Reproduce verbatim the lines of the material below, starting at the line with "Mieszkanie 3 pokoi w Petrovac, Czarnogóra" and ending at the line with "Giá nhà quanh tuyến quốc lộ 13 tăng mạnh", both inclusive; skip the rest.

═════ Exercise material ═════

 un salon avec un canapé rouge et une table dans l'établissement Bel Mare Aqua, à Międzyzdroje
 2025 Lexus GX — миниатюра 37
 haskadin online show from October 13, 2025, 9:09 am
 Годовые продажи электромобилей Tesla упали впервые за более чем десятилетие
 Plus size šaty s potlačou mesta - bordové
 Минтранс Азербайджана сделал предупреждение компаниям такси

═════
═════ Exercise material ═════

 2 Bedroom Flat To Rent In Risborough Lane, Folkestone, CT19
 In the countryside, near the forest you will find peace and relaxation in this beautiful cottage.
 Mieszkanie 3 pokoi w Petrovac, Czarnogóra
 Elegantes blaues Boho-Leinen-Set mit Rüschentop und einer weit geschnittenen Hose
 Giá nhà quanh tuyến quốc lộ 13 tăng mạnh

═════
═════ Exercise material ═════

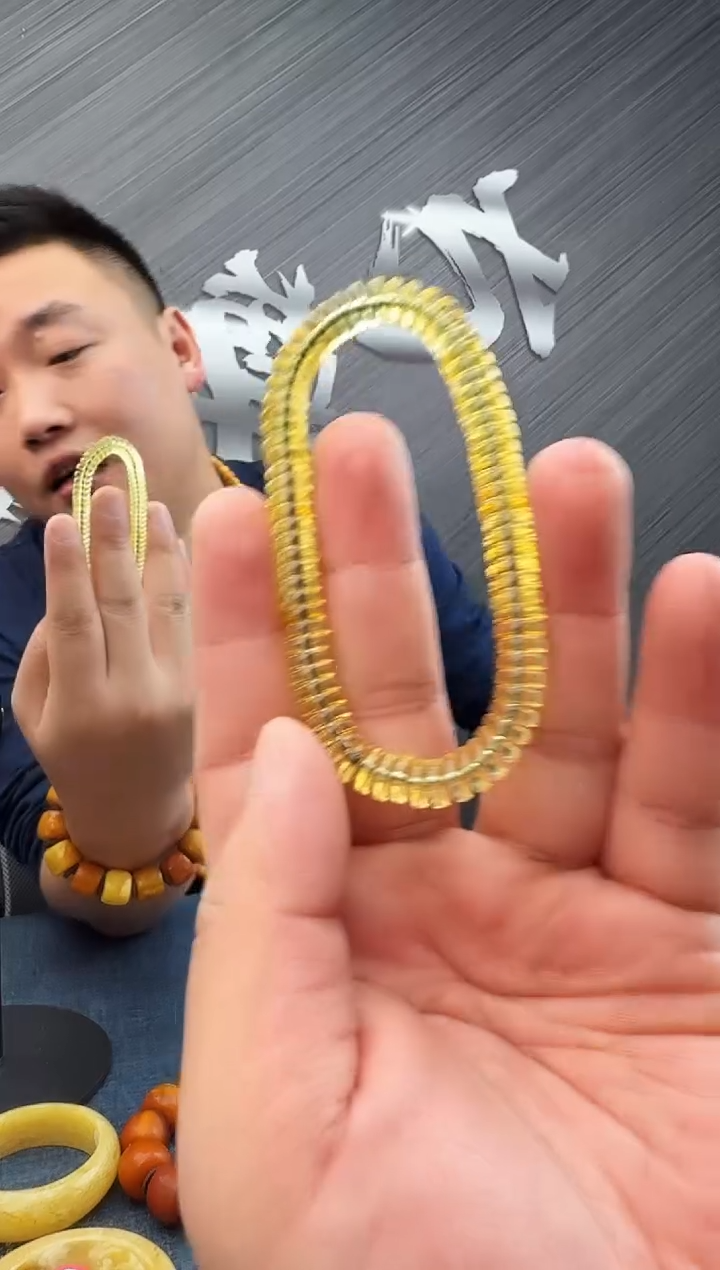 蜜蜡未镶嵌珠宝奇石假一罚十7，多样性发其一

═════

• Result of this task:
 Mieszkanie 3 pokoi w Petrovac, Czarnogóra
 Elegantes blaues Boho-Leinen-Set mit Rüschentop und einer weit geschnittenen Hose
 Giá nhà quanh tuyến quốc lộ 13 tăng mạnh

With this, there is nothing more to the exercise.